■ What you need to do ■
The stretch wanted below opens at the line containing "Kottayam (includes Pathanamthitta & Idukki)" and closes at the line containing "紅星機器沖擊式制砂機車間現貨可參觀". Please return it exactly, with no other lines.

[Data extracts Boundary: Start]

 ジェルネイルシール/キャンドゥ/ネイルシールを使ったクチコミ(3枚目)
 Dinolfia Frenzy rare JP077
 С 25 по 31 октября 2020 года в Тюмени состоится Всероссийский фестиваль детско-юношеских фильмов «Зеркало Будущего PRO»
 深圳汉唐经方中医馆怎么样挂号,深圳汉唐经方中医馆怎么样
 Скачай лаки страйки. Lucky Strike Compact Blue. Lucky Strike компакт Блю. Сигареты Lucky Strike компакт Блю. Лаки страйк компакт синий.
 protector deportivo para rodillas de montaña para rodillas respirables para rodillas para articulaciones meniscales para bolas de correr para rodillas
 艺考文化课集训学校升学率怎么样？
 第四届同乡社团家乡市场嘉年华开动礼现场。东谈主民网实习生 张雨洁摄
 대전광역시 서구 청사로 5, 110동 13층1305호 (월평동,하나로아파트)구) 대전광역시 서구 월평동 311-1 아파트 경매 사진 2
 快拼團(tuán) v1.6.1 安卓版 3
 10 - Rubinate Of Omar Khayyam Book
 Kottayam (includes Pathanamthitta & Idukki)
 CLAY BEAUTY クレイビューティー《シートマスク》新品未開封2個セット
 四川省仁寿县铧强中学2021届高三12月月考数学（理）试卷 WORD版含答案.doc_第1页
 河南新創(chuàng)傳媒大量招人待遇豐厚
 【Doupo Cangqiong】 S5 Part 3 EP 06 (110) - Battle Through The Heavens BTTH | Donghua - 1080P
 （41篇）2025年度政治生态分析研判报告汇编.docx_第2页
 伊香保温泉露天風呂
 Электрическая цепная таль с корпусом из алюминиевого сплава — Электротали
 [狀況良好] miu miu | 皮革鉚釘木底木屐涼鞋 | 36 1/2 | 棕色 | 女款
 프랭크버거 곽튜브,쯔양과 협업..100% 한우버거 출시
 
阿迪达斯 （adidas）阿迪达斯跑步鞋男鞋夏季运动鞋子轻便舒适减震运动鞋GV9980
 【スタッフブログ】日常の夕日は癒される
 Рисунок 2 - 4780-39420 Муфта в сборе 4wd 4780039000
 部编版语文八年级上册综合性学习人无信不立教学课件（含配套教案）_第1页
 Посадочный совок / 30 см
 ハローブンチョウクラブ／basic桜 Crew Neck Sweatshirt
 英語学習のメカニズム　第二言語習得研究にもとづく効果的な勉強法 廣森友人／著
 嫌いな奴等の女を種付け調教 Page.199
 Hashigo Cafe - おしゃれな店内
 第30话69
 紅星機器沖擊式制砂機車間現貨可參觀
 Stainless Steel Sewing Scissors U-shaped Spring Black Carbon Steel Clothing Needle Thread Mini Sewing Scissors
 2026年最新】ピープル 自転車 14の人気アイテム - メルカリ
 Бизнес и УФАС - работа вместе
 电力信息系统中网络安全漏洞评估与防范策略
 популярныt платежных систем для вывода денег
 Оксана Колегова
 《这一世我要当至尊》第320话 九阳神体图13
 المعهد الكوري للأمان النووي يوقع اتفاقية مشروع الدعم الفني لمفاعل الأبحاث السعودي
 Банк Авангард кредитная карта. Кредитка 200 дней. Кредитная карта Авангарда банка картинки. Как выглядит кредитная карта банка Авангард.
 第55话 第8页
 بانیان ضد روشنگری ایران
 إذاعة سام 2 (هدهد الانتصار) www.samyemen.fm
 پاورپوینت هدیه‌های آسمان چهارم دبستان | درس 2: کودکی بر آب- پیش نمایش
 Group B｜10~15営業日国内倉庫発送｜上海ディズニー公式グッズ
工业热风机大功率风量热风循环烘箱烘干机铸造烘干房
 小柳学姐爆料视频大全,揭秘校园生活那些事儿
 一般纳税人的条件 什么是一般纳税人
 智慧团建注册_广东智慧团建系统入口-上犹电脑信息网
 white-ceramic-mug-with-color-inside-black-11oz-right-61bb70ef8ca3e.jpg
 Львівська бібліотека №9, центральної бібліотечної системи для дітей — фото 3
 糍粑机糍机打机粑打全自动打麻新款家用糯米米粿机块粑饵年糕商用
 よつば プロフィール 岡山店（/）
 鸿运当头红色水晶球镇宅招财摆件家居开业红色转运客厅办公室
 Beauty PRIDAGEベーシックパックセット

[Data extracts Boundary: End]

■ Task result ■
 Kottayam (includes Pathanamthitta & Idukki)
 CLAY BEAUTY クレイビューティー《シートマスク》新品未開封2個セット
 四川省仁寿县铧强中学2021届高三12月月考数学（理）试卷 WORD版含答案.doc_第1页
 河南新創(chuàng)傳媒大量招人待遇豐厚
 【Doupo Cangqiong】 S5 Part 3 EP 06 (110) - Battle Through The Heavens BTTH | Donghua - 1080P
 （41篇）2025年度政治生态分析研判报告汇编.docx_第2页
 伊香保温泉露天風呂
 Электрическая цепная таль с корпусом из алюминиевого сплава — Электротали
 [狀況良好] miu miu | 皮革鉚釘木底木屐涼鞋 | 36 1/2 | 棕色 | 女款
 프랭크버거 곽튜브,쯔양과 협업..100% 한우버거 출시
 
阿迪达斯 （adidas）阿迪达斯跑步鞋男鞋夏季运动鞋子轻便舒适减震运动鞋GV9980
 【スタッフブログ】日常の夕日は癒される
 Рисунок 2 - 4780-39420 Муфта в сборе 4wd 4780039000
 部编版语文八年级上册综合性学习人无信不立教学课件（含配套教案）_第1页
 Посадочный совок / 30 см
 ハローブンチョウクラブ／basic桜 Crew Neck Sweatshirt
 英語学習のメカニズム　第二言語習得研究にもとづく効果的な勉強法 廣森友人／著
 嫌いな奴等の女を種付け調教 Page.199
 Hashigo Cafe - おしゃれな店内
 第30话69
 紅星機器沖擊式制砂機車間現貨可參觀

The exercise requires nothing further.